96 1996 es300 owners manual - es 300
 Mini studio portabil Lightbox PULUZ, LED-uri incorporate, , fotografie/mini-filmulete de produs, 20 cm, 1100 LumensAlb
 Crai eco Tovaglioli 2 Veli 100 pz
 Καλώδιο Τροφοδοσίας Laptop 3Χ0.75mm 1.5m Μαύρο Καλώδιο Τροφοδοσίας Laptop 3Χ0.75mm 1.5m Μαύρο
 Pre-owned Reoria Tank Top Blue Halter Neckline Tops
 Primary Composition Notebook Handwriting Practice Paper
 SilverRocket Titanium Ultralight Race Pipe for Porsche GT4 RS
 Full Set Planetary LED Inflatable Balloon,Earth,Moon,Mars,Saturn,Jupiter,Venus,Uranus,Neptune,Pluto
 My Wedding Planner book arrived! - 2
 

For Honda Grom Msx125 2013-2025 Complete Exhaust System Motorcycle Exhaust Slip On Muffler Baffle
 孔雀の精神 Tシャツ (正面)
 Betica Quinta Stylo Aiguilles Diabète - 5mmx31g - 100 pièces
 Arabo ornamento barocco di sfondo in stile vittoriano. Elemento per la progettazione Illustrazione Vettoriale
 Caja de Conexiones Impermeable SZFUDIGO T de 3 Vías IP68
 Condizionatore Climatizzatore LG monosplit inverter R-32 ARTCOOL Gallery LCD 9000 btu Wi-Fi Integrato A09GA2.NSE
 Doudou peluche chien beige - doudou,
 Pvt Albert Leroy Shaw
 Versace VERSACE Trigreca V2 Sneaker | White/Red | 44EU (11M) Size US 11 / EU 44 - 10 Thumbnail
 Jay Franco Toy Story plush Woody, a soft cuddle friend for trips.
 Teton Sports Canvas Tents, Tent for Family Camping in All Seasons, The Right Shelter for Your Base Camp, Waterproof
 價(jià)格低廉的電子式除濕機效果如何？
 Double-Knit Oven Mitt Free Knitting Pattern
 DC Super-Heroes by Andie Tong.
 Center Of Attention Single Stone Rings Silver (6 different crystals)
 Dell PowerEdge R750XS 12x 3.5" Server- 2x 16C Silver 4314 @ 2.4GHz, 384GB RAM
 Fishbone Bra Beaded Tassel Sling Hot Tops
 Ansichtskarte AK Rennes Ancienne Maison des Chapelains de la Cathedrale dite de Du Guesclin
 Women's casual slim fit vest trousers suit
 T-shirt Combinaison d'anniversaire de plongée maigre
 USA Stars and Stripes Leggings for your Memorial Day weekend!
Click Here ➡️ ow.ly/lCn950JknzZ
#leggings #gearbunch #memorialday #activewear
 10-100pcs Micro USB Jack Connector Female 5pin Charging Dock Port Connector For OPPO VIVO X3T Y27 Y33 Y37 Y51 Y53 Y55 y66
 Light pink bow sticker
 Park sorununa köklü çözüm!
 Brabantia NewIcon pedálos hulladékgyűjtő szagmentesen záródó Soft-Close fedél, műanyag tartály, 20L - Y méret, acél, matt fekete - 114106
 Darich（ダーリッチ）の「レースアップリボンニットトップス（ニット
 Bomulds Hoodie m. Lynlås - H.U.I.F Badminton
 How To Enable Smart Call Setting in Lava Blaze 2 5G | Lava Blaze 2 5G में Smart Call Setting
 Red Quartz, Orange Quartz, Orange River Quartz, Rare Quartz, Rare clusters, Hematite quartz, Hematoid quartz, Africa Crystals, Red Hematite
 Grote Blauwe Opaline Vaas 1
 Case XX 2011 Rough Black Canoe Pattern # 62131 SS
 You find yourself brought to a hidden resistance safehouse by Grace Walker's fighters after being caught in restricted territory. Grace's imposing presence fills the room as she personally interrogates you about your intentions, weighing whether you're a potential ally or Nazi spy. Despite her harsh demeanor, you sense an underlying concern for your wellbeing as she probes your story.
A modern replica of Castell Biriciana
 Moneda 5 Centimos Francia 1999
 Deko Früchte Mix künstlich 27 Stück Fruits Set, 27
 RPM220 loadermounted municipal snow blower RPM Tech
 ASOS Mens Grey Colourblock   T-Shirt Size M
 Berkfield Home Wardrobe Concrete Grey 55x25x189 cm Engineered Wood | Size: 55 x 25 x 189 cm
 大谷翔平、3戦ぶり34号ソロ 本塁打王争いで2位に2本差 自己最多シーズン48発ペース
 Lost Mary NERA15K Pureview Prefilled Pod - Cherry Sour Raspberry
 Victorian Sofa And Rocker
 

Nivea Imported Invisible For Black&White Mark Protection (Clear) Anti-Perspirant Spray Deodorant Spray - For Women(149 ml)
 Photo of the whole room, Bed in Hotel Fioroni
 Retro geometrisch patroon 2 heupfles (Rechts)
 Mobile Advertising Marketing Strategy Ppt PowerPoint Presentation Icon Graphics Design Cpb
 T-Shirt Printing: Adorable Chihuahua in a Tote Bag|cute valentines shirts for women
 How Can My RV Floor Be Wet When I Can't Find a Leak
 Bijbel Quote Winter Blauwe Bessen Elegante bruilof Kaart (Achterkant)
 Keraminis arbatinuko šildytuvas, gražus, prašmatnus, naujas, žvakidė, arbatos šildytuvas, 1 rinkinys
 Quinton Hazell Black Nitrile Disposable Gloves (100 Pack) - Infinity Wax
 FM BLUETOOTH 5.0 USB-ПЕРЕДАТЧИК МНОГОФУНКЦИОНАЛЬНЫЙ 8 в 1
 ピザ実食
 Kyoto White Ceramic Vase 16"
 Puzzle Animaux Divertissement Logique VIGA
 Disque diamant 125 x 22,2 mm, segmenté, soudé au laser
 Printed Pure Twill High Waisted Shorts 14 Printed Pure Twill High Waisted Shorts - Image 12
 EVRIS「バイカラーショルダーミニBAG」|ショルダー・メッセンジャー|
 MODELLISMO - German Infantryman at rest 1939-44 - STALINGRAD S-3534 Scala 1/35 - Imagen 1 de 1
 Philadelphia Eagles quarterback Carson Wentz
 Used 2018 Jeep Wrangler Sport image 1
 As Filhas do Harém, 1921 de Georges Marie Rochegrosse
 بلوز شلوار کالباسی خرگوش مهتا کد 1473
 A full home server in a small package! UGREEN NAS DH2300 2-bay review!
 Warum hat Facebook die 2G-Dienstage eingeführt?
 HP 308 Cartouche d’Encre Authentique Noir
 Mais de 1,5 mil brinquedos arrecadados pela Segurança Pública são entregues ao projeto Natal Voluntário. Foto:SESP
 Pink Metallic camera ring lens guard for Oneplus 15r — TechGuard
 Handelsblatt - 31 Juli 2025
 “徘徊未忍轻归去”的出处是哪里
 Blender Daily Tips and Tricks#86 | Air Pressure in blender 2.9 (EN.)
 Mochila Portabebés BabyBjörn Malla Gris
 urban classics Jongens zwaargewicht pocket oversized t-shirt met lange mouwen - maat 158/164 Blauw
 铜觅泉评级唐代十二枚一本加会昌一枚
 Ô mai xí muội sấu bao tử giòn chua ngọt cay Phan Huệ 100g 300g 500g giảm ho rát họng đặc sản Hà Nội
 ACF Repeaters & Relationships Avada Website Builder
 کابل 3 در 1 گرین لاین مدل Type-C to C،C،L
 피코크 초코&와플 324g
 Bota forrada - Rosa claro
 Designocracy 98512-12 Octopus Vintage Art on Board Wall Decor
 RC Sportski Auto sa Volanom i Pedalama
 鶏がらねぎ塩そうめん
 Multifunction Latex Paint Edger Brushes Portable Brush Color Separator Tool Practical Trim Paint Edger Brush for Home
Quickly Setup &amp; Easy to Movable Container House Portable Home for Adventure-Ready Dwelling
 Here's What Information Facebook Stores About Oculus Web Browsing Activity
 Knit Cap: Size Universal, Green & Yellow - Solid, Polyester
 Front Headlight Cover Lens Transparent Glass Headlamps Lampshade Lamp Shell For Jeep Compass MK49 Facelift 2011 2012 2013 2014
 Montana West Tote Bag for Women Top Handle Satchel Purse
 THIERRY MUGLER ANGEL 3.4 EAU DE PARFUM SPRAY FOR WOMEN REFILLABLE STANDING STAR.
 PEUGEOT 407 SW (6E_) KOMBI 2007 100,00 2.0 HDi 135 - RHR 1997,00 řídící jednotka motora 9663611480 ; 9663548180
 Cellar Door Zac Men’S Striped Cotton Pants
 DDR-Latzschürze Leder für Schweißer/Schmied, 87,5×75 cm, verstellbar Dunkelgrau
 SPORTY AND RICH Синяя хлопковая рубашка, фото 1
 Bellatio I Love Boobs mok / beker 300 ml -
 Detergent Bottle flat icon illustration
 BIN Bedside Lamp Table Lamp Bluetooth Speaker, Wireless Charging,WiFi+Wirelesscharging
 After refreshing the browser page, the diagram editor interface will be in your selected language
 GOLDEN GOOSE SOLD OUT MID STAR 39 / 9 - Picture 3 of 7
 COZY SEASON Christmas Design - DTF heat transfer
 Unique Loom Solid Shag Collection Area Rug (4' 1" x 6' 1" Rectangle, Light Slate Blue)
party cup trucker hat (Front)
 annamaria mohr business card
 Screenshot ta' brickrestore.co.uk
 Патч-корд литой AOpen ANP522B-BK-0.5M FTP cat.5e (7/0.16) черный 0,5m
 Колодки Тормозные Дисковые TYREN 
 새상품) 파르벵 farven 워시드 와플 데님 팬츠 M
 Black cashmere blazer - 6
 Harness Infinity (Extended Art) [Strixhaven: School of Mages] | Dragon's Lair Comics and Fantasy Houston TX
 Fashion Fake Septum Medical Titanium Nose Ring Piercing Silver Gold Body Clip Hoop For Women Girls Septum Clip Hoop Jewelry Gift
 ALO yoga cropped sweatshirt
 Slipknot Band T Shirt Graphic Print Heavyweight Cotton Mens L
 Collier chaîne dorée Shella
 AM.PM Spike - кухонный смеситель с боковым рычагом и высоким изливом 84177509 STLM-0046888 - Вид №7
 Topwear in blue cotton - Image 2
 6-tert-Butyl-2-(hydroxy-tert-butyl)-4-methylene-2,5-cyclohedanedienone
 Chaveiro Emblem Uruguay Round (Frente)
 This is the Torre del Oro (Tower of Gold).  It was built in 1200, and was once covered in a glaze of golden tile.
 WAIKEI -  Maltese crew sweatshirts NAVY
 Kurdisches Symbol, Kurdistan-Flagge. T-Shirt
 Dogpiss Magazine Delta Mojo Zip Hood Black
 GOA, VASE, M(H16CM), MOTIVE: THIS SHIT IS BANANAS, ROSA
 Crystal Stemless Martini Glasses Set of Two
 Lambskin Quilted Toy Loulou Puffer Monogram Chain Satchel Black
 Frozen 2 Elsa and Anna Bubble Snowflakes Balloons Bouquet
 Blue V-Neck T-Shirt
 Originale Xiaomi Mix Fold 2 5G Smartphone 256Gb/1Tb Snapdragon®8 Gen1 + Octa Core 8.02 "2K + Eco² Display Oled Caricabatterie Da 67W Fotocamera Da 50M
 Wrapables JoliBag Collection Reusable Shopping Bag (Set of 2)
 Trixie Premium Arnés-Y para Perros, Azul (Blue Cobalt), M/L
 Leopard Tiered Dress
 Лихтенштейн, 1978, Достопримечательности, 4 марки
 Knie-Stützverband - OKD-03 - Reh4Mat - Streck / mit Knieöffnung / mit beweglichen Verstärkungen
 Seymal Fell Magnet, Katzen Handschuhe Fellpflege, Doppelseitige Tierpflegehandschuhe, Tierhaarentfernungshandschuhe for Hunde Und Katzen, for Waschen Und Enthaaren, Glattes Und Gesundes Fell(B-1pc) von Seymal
------
ACTIVITY: Would you print, exactly as written, every line above from the one holding "새상품) 파르벵 farven 워시드 와플 데님 팬츠 M" through the one holding "Chaveiro Emblem Uruguay Round (Frente)", with both included and no other lines?

ANSWER BOX:
 새상품) 파르벵 farven 워시드 와플 데님 팬츠 M
 Black cashmere blazer - 6
 Harness Infinity (Extended Art) [Strixhaven: School of Mages] | Dragon's Lair Comics and Fantasy Houston TX
 Fashion Fake Septum Medical Titanium Nose Ring Piercing Silver Gold Body Clip Hoop For Women Girls Septum Clip Hoop Jewelry Gift
 ALO yoga cropped sweatshirt
 Slipknot Band T Shirt Graphic Print Heavyweight Cotton Mens L
 Collier chaîne dorée Shella
 AM.PM Spike - кухонный смеситель с боковым рычагом и высоким изливом 84177509 STLM-0046888 - Вид №7
 Topwear in blue cotton - Image 2
 6-tert-Butyl-2-(hydroxy-tert-butyl)-4-methylene-2,5-cyclohedanedienone
 Chaveiro Emblem Uruguay Round (Frente)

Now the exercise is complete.